Wendell Moore Jr. took over late against Miami to help Duke advance to the championship game of the ACC tournament.
Wendell Moore Jr. took over late against Miami to help Duke advance to the championship game of the ACC tournament.

After each Duke men's basketball game this season, check back here for the Player of the Game and more. Today, the Blue Zone breaks down Wendell Moore Jr.'s performance and the rest of the Blue Devils' all-important win against Miami in the ACC tournament:

One player: Wendell Moore Jr.

When Miami took back the lead late in the second half, junior captain Wendell Moore Jr. made sure that the Hurricanes' lead would be short-lived. Miami guard Kameron McGusty hit a big three near the top of the key to put the Hurricanes on top 62-61 with 6:05 remaining in the gritty semifinal, and Moore showed tremendous poise by coming back down and hitting a tough jump shot over two defenders. Then, Miami quickly inbounded the ball across the court to sophomore guard Isaiah Wong, who led the fast break for a layup only for Duke to keep its lead thanks to Moore’s soaring block. Just when one might think he had done enough, Moore drove to the basket on the other end to extend Duke's lead to three. From that point on, Miami never led again.

Moore is one of Duke's captains, and he demonstrated his leadership Friday by willing Duke to a pivotal win, as his ability to run the floor on both ends was exemplified within the span of just 30 seconds. The junior wing—who is a finalist for the Julius Erving Small Forward of the Year Award—had 17 points on the night to be Duke's third-highest scorer. Moore also recorded three blocks against the Hurricanes, tying Williams for the most on Duke. However, his performance in the most crucial part of the game is why he was named Player of the Game. 

One word: Size

From the outset of Friday night’s game, there was a clear difference between Duke and Miami. Duke’s shortest starter, Trevor Keels, is 6-foot-5, and Paolo Banchero and Mark Williams are both at least 6-foot-10 in the frontcourt. On the other hand, the Hurricanes started four players 6-foot-5 or under and their tallest player, Sam Waardenburg, is 6-foot-10. While Miami often ran a five-out offense dependent on the three, Duke was able to put its size advantage to good use throughout the game. After Miami got off to a hot start, Banchero brought the Blue Devils back into the game by taking advantage of matchups, putting the ball on the floor and muscling past defenders to the rim. 

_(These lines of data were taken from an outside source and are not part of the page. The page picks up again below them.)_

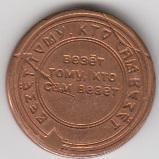 Медный жетон - надписи: Везет тому кто везет / Счастливая монета 1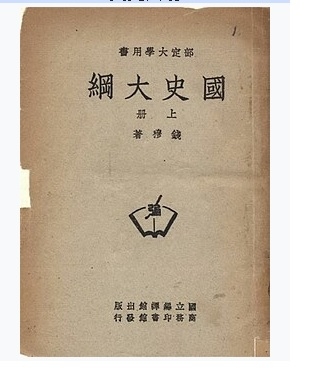 **即时国际**已故史学家钱穆著作 《国史大纲》首次推出简体横排版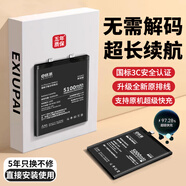 E修派【已解碼丨無(wú)需引導丨直接安裝使用】適用于華為電池榮耀換大容量暢玩暢享手機顯示100%健康壽命 超高密版【Magic4Pro電池】4500mAh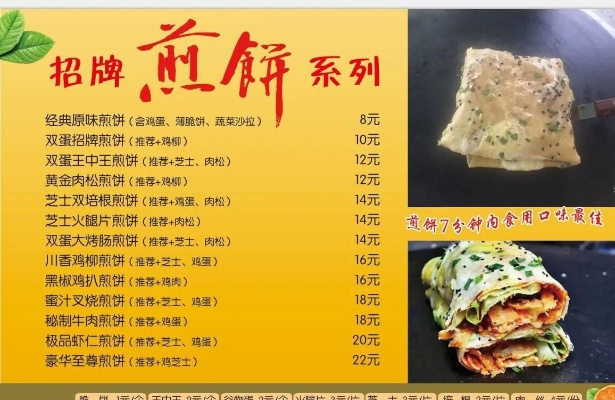煎饼果子摆摊创业项目详解，机遇与挑战并存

For the game, Duke scored 44 points in the paint compared to 34 for Miami. Much of this came in the first half, in which the Blue Devils led 24-14 in points in the paint. Duke crushed the Hurricanes on the glass, outrebounding Miami 40 to 31, and collected eight blocks to Miami's two. Williams put his size to good use as well, tallying nine points, 10 rebounds and three blocks. While Duke certainly does not shy away from shooting the three—AJ Griffin made four triples and led the team in scoring Friday—it should continue to lean into its size advantage heading into Saturday's championship game and the NCAA tournament.

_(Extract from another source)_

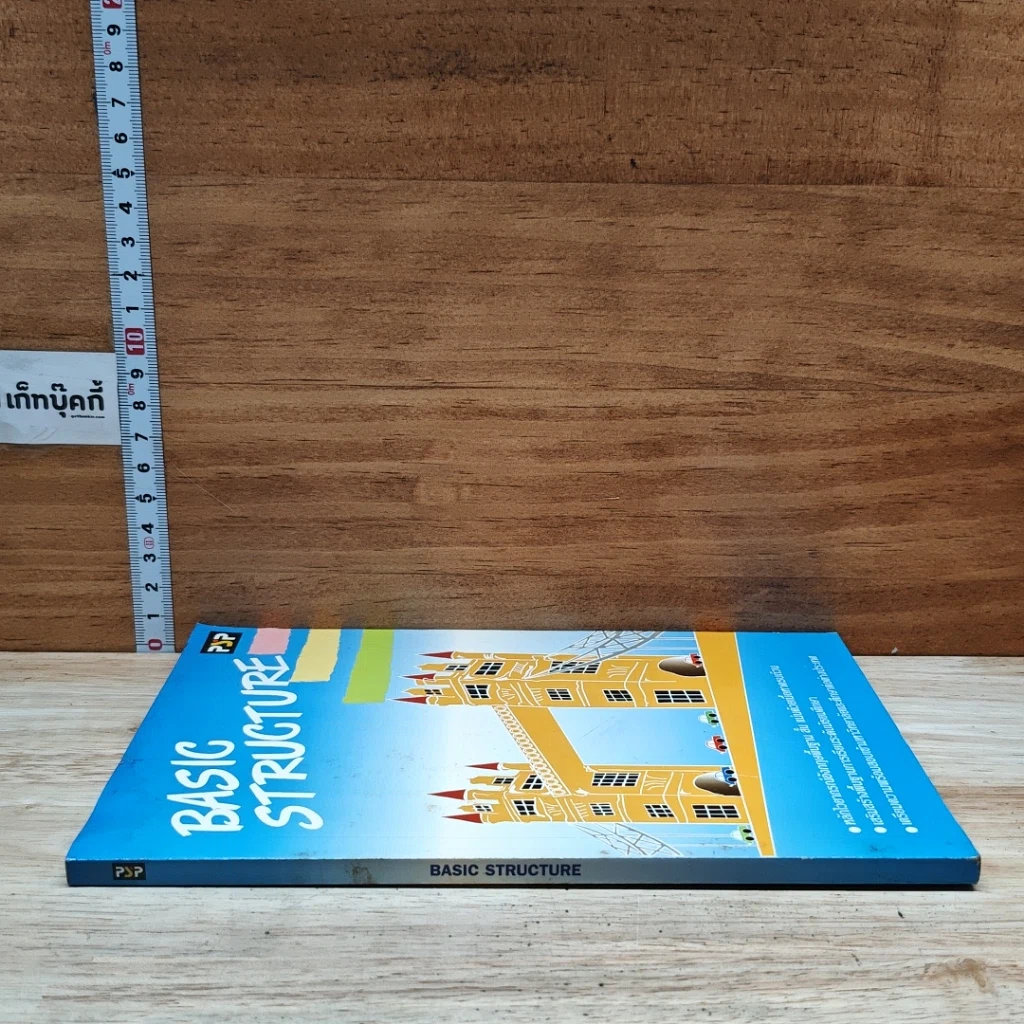 หนังสือ Basic Structure รูปที่ 3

One stat: 13 second-chance points

During its regular-season loss to Miami in January, reducing turnovers was a key lesson for Duke. Even in their loss yesterday, the Blue Devils had 10 turnovers to Miami’s six, and the Hurricanes led 11-6 in points off turnovers. As such, it was key for Duke to gain an edge in another area, and that was second-chance points. Duke used its tremendous size advantage to outrebound Miami for extra possessions, and while the Hurricanes had just one less offensive rebound than the Blue Devils did, Duke was able to convert those opportunities at a higher rate, tallying 13 second-chance points to Miami's eight.

In the first half, Miami kept up with Duke in this category by scoring five second-chance points to Duke's six before the Blue Devils led 7-3 in the second half. Often, these additional possessions can decide the game, and the Blue Devils should continue this extra effort as they look to win the program's 22nd conference tournament championship Saturday.